Let $A$ be the set of all $nx$, where $n$ runs through the positive integers. If $nx \le y$, then $y$ would be an upper bound of $A$.

(start confused) But then $A$ has a least upper bound in $\mathbb{R}$.

(why? I know there is a theorem There exists an ordered field $\mathbb{R}$ which has the least-upper-bound property. What is this mean?)

Put $a = \sup A$. Since $x>0$, $a-x < a$, and $a-x$ is not an upper bound of $A$. Hence $a-x < mx$ for some positive integer $m$. (why $mx$ is greater then $a-x$? what property is this.) But then $a < (m+1)x$ where $(m+1)x$ is an element of $A$, which is impossible, since $a$ is an upper bound of $A$.
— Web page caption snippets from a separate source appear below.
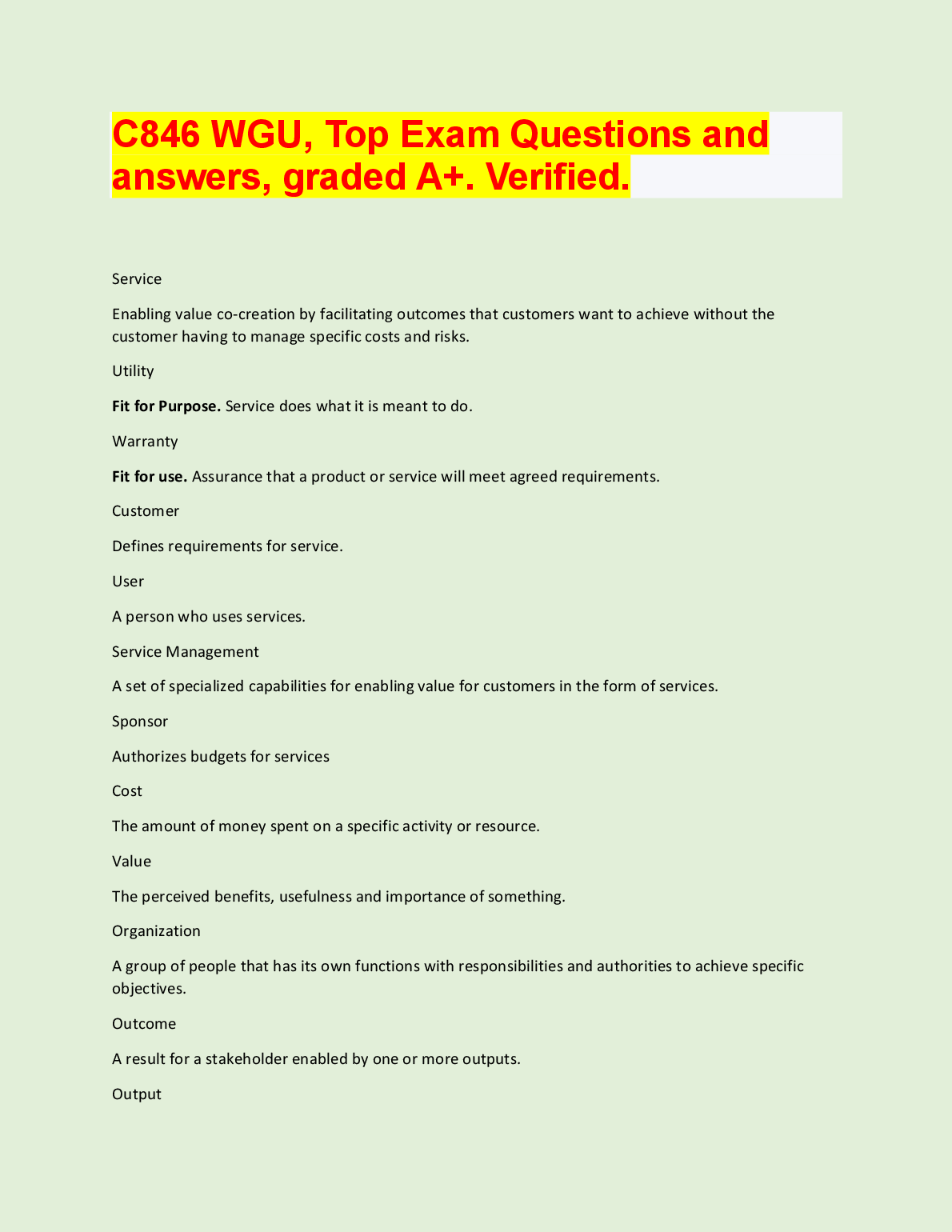 WGU C846 Exam Q&A Guide: Graded A+ Verified 2024/2025 Revision Pack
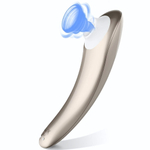 Клиторальный вибромассажер с вакуумной стимуляцией - 15,8 см. (Цвет: серебристый)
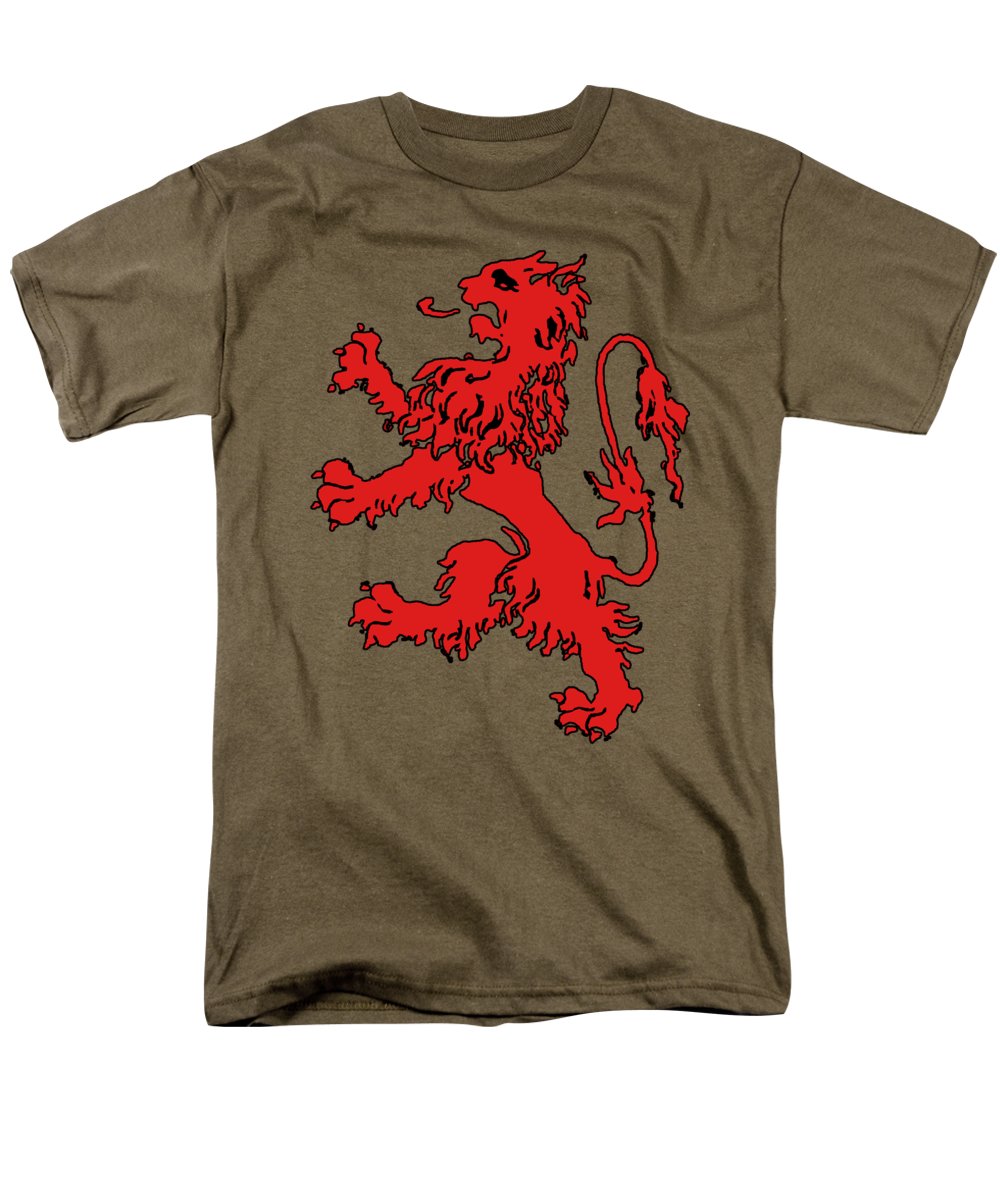 Scottish Lion - Men's T-Shirt  (Regular Fit)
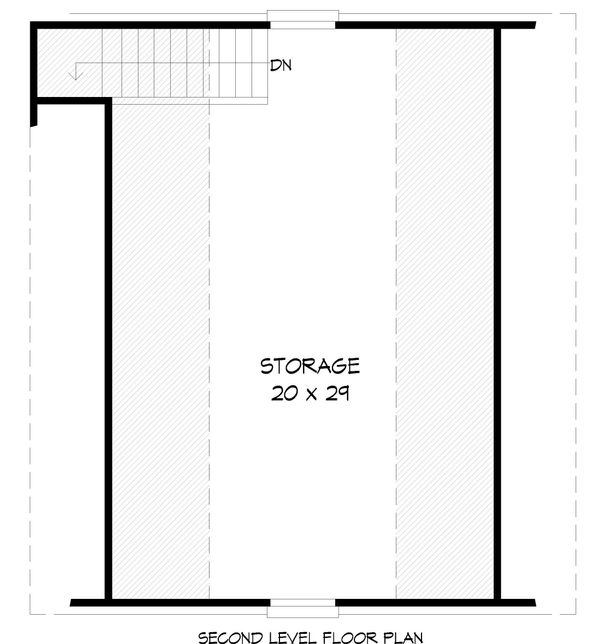 Country Floor Plan - Upper Floor Plan #932-84
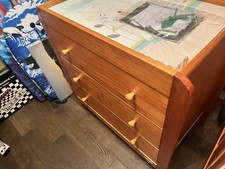 Mamas and papas nursery wardrobe and changing unit - medium oak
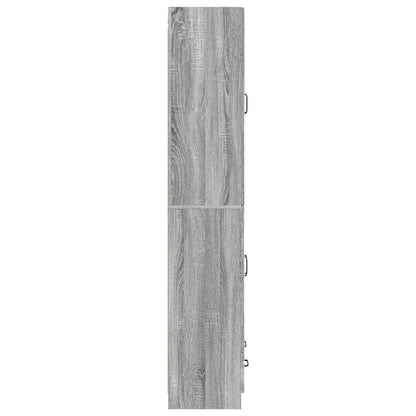 Cabinet Set 2 pcs Grey Sonoma Engineered Wood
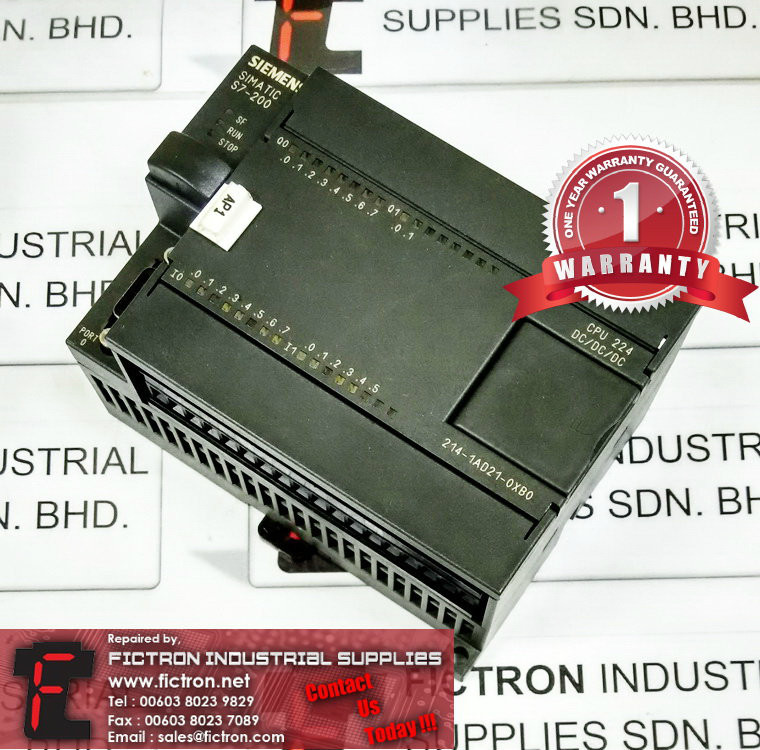 6ES7214-1AD21-0XB0 6ES72141AD210XB0 SIEMENS PLC CPU REPAIR SERVICE IN MALAYSIA 12 MONTHS WARRANTY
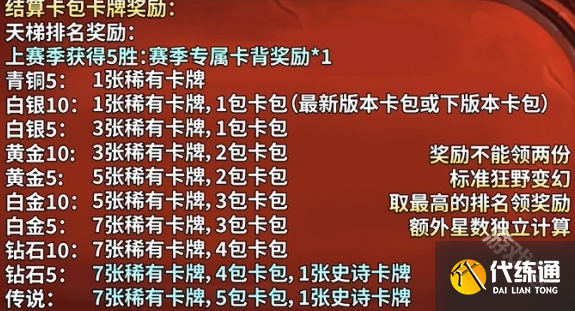 炉石传说月初段位继承规则介绍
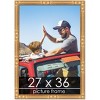 PosterPalooza | 27x36 Thin Bamboo Picture Frame, UV Acrylic, 2 Finishes - Gold and Brown - 2 of 4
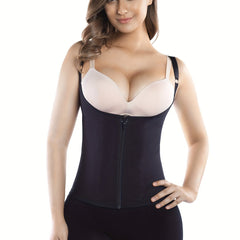Zipper Shaping Cami Tops Waist Trainer Tummy Control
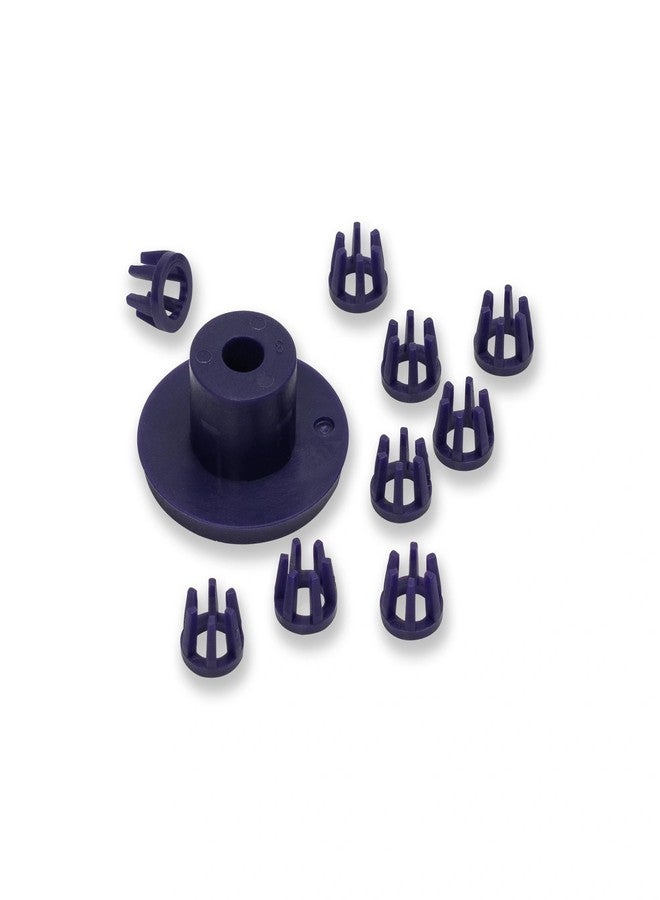 برايم مجموعة أدوات التثبيت الإبداعية Prym Vario Creative Inlays، 10 قطع، لون بنفسجي، 10 قطع - Image 2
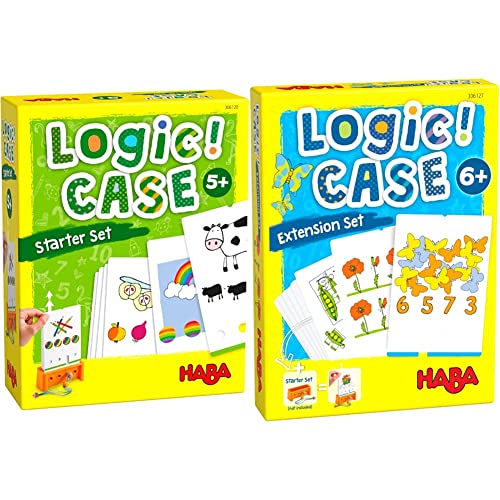 HABA Logic! CASE Starter Set 5+, Logikspiel für Kinder ab 4 Jahren, Reisespiel, 306118 LogiCASE Extension Set – Natur HABA Logic! CASE Starter Set 5+, Logikspiel für Kinder ab 4 Jahren, Reisespiel, 306118 LogiCASE Extension Set – Natur von HABA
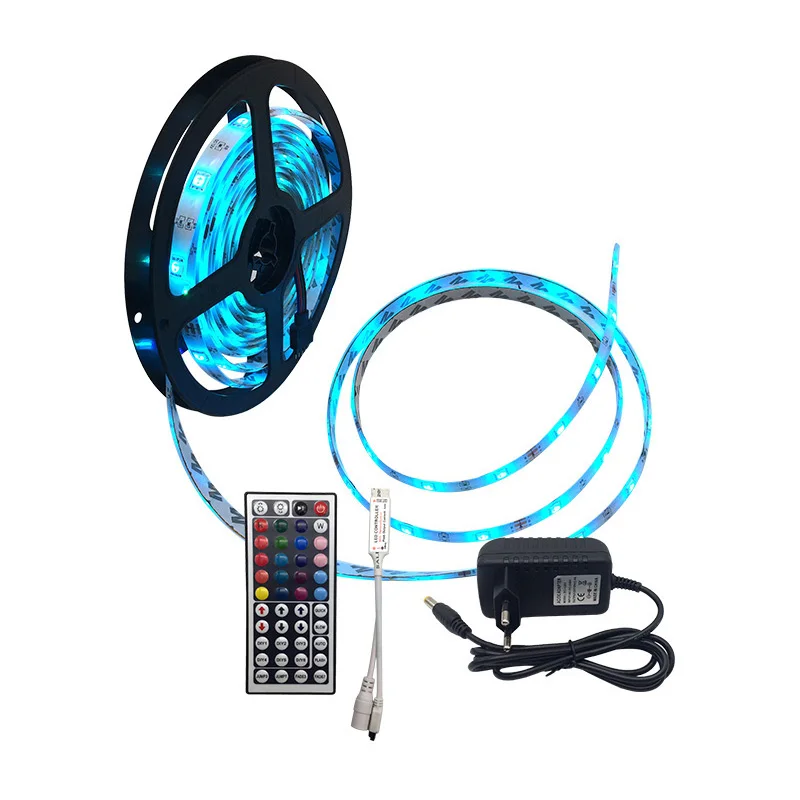 RGB led strip light 5050 smd flexible led strip DC 12V 60Leds/m 5M RGB led tape non waterproof 44keys Controller Adapter Set
RGB led strip light 5050 smd flexible led strip DC 12V 60Leds/m 5M RGB led tape non waterproof 44keys Controller Adapter Set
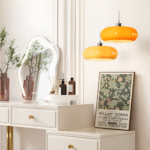 Suspension rétro minimaliste en verre – Image 3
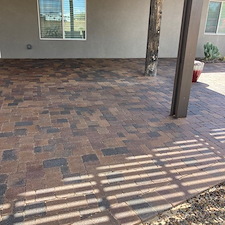 Complete-revitalizing-of-pavers-clean-sand-and-reseal-of-approx-3000-sq-ft-area-front-and-rear-patios-firepit-driveway-and-planter-in-Prescott-Williamson-Valley-Arizona 3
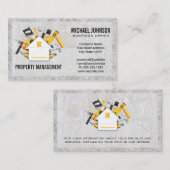 Carte De Visite Logo de menuiserie | Propriétés immobilières (Devant / Derrière)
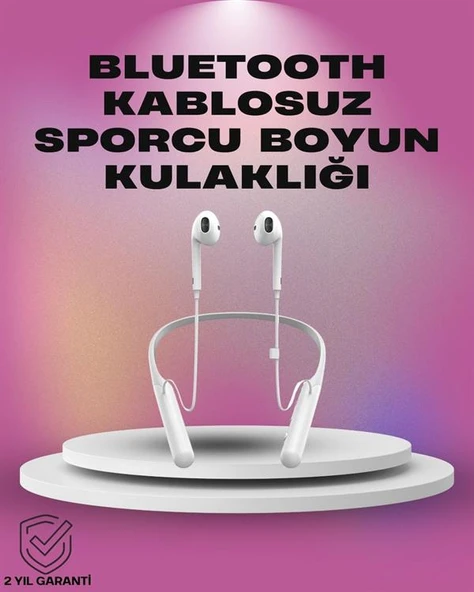 Uzun Pil Ömürlü Kablosuz Kulaklık – Boyun Askılı, 100 Saat Kullanım ürün görseli 1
• Is this R any ring, or is this $\Bbb R$, the field of reals? Commented Apr 28, 2013 at 1:09
• Sorry about that is a Real number field. I don know how to type that symbol. Commented Apr 28, 2013 at 1:10

For your second confusion part ($a-x$ not being an upper bound $\Longrightarrow a-x<mx$ for some $m$), what is the definition of an upper bound of a set? What is the negation of that definition?